Meraih predikat jutawan di usia 25 tahun ternyata tidak lantas membuat Brandon Card merasa bahagia. Pendiri perusahaan artificial intelligence (AI) Terzo ini justru menyadari bahwa kekayaan materi tak pernah memberinya kepuasan sejati. Pengalaman hidup itu mendorongnya untuk mengubah prioritas hidup dan arah bisnisnya secara total.

Sebelum mendirikan Terzo, Card mengawali karir di raksasa teknologi seperti Microsoft, Oracle, dan IBM. Sukses meniti karir korporat, ia aktif berinvestasi di berbagai startup hingga berhasil mengumpulkan pundi-pundi kekayaan di usia muda.
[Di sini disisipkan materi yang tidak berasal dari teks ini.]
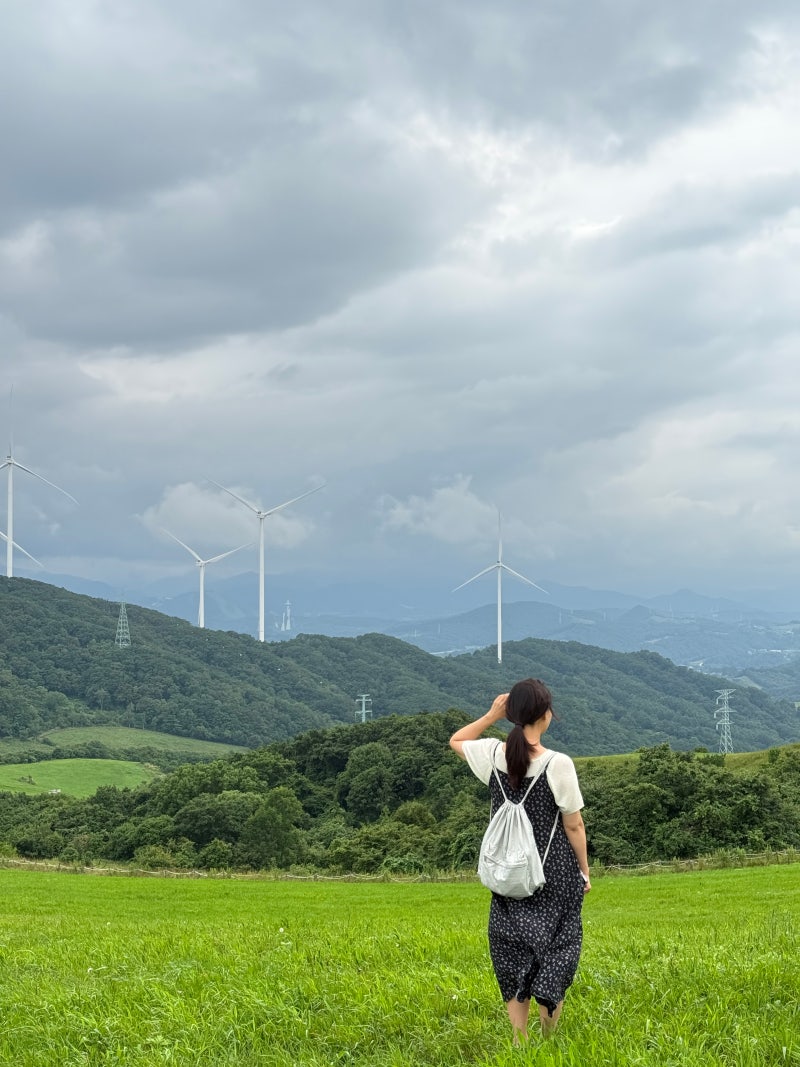 Pyeongchang Travel: Honest Review of Daegwallyeong Haneul Ranch with Kids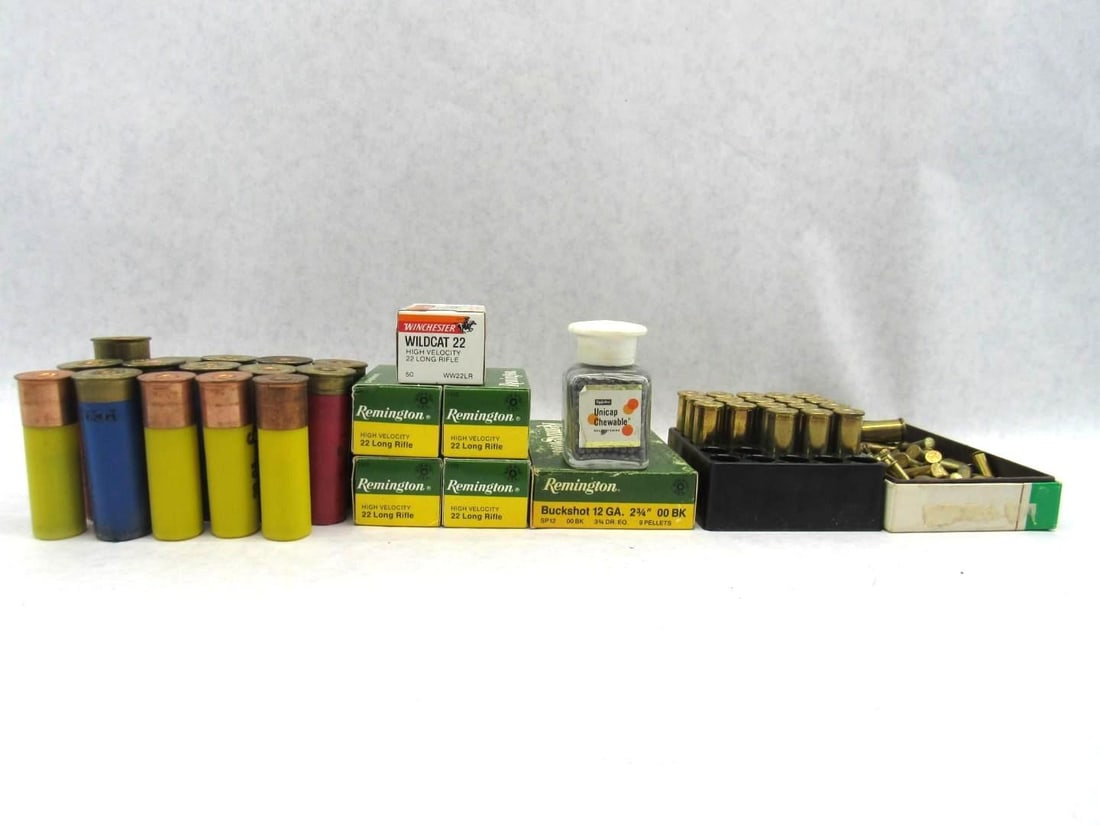 Assorted Ammunition - 5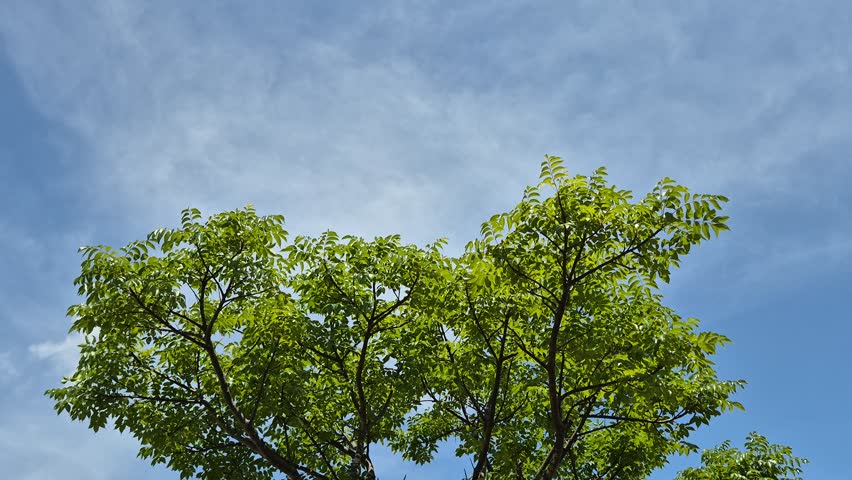 Low angle shot of lush green tree canopies against a bright blue sky background.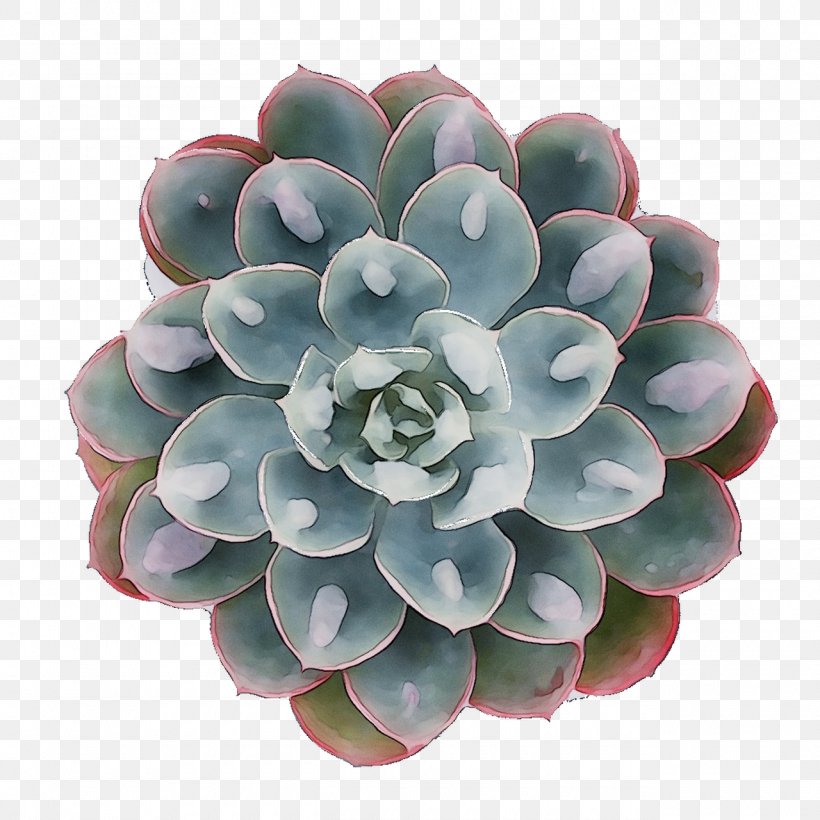 Flower, PNG, 1280x1280px, Flower, Agave, Echeveria, Pachyphytum, Perennial Plant Download Free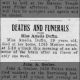 Newspapers.com - Harrisburg Daily Independent - 28 Apr 1911 - Page 11 Miss Amelia Duffin Dies of Abscess of the Brain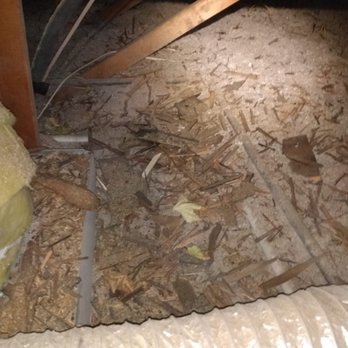 911 Attic Insulation - Before cleaning - Insulation Installation Near Me 911 Attic Insulation - Before cleaning - Insulation Installation Near Me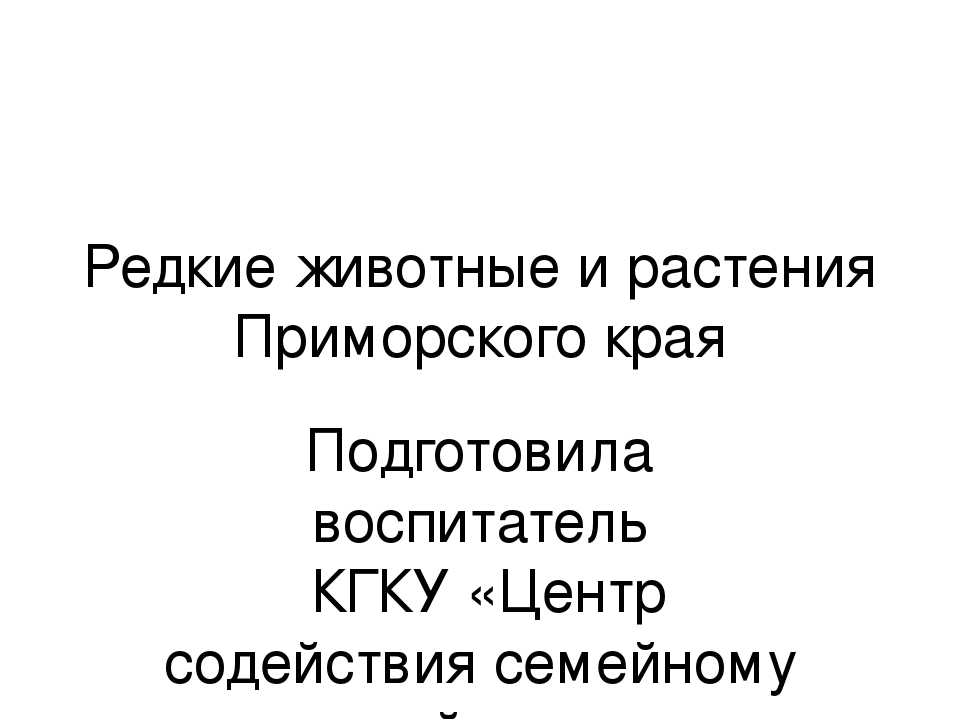 Презентация "Редкие животные Приморского края"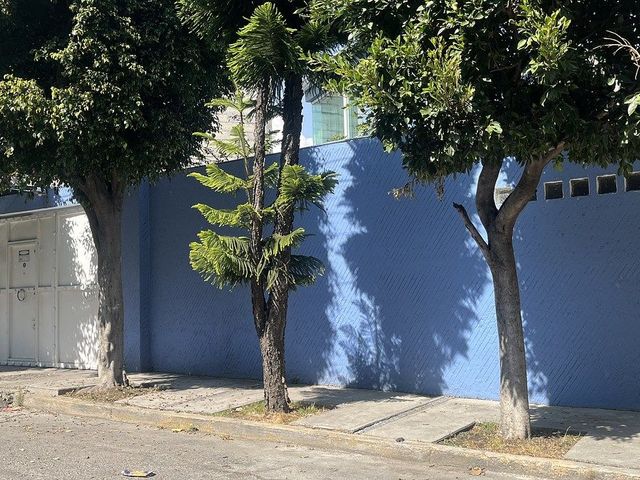 place photo 23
Namun, deretan rumah mewah, mobil, hingga kapal rupanya tak bikin hatinya tenang. Card justru menemukan kebahagiaan saat berinvestasi pada wirausahawan lain dan membawa dampak positif bagi banyak orang.

Mengutip laman Business Insider, pada 2020, Card nekat meninggalkan kenyamanan dunia korporat. Ia mengucurkan uang pribadinya sebesar USD 1 juta (sekitar Rp 17-18 miliar) untuk mendirikan Terzo bersama sahabat kuliahnya. Terzo hadir sebagai platform berbasis AI yang membantu perusahaan mengelola serta melacak pengeluaran pihak ketiga.
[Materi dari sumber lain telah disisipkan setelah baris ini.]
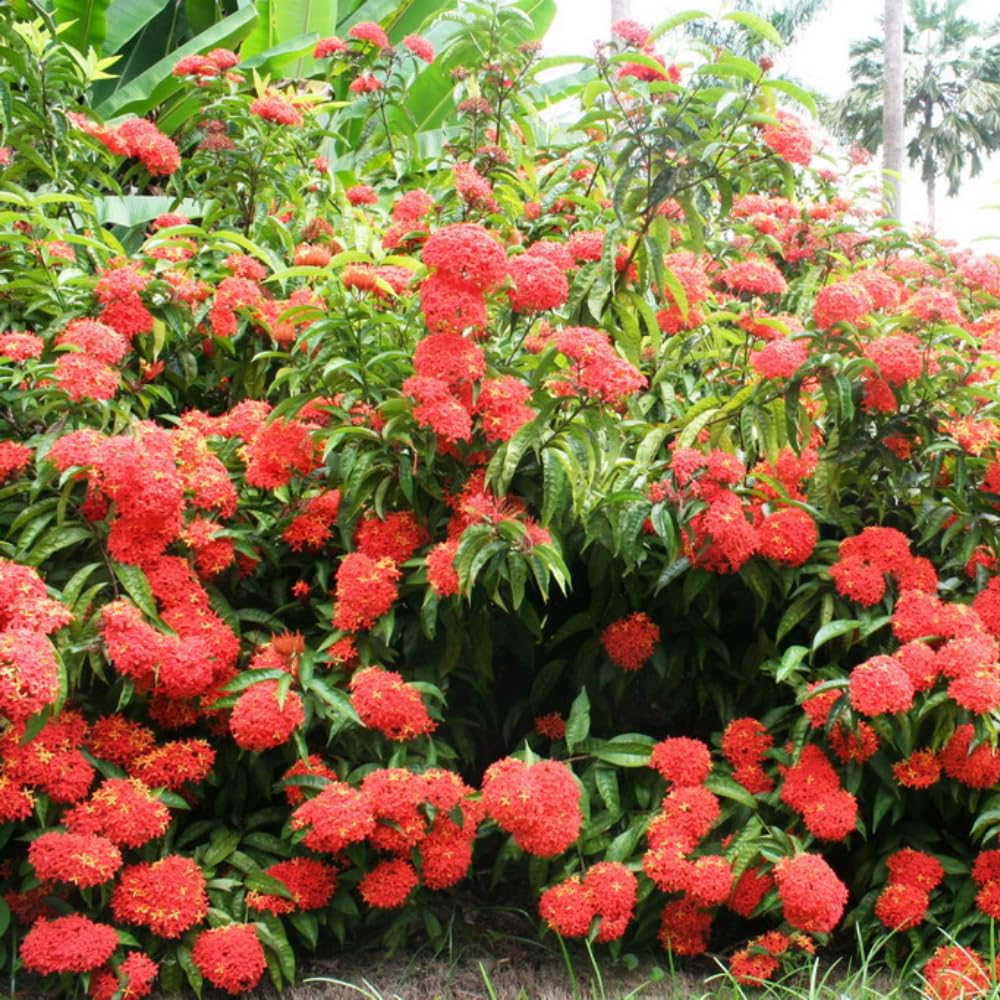 2 Red Ixora Plants Live, 5 to 7 Inc Tall, Ixora Flower Plant, Shrub Plant Tropical Ornamental Plants, No Pot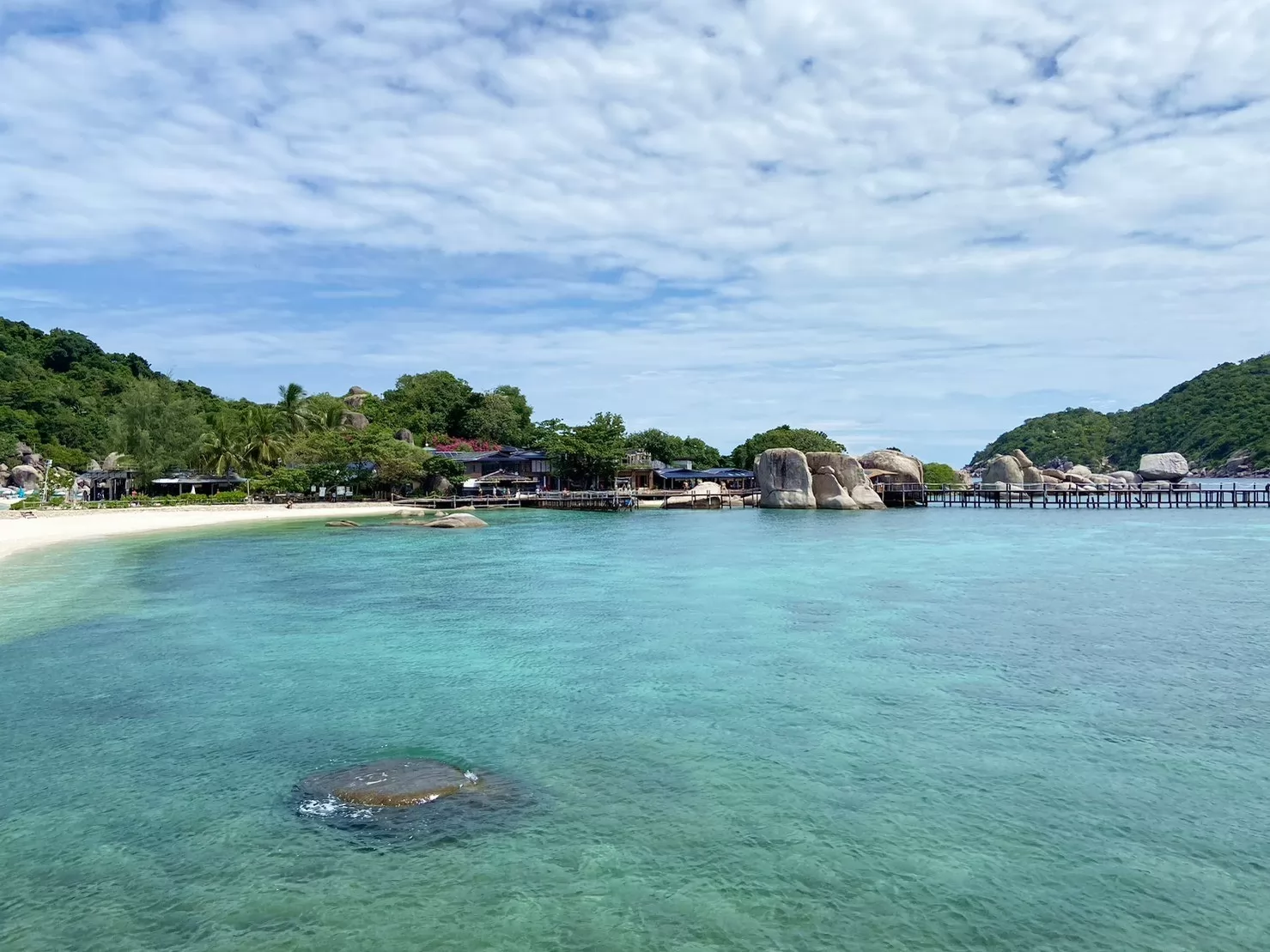 1 Day Trip Koh Tao Koh Nang Yuan by Speed Boat - Snorkeling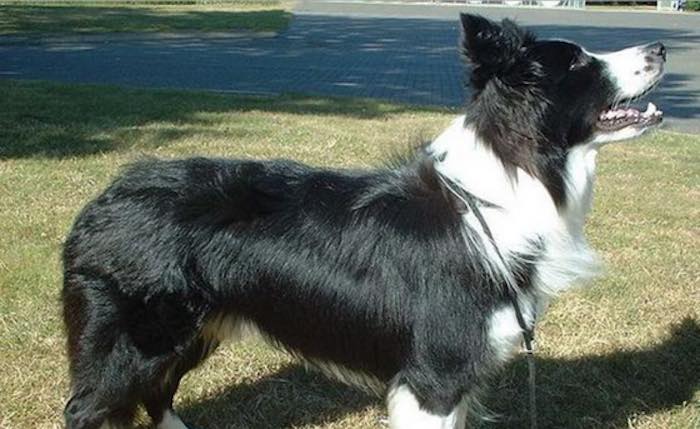 Heroic Border Collie Flags Down Help to Save Her Elderly Owner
Sayangnya, jalan yang ditempuh tidak mulus. Tak lama setelah Terzo rilis, pandemi Covid-19 menghantam. Di saat yang sama, Card harus merelakan kepergian nenek dan sepupunya. Cobaan bertubi-tubi ini membukakan matanya: kesehatan jauh lebih berharga daripada angka di rekening bank.

Ujian terberat kembali datang pada Januari 2024 ketika rekan pendiri sekaligus sahabat karibnya meninggal dunia. Duka mendalam ini memukul Card secara pribadi maupun profesional, sampai-sampai muncul rumor Terzo bakal bangkrut.

Namun, Card pantang menyerah. Di tengah duka, ia berhasil mempertahankan Terzo dan membawanya terus berkembang. Berbekal pendanaan Seri A sebesar USD 16 juta yang diraih pada 2022, ia kini kian dekat membawa Terzo menjadi perusahaan bernilai miliaran dolar.

Promosikan Kesehatan Mental

Kini, Card berkomitmen penuh menggunakan kesuksesan finansialnya untuk mempromosikan pentingnya kesehatan mental di dunia kerja. Ia tak ragu membagikan kisahnya rutin berkonsultasi dengan terapis demi menghapus stigma negatif soal masalah mental.

Ke depan, Card berencana merekrut tenaga profesional kesehatan mental internal yang bisa diakses secara gratis oleh seluruh karyawan Terzo.

"Banyak perusahaan besar bicara soal dukungan kesehatan mental, tapi merealisasikannya butuh waktu dan biaya. Saya ingin menetapkan standar baru di Terzo dan memicu efek domino bagi perusahaan lain," tegas Card.

Lewat langkah nyata ini, Card berharap dapat terus menjaga warisan dan semangat mendiang sahabatnya: membangun budaya kerja yang lebih humanis dan berkelanjutan.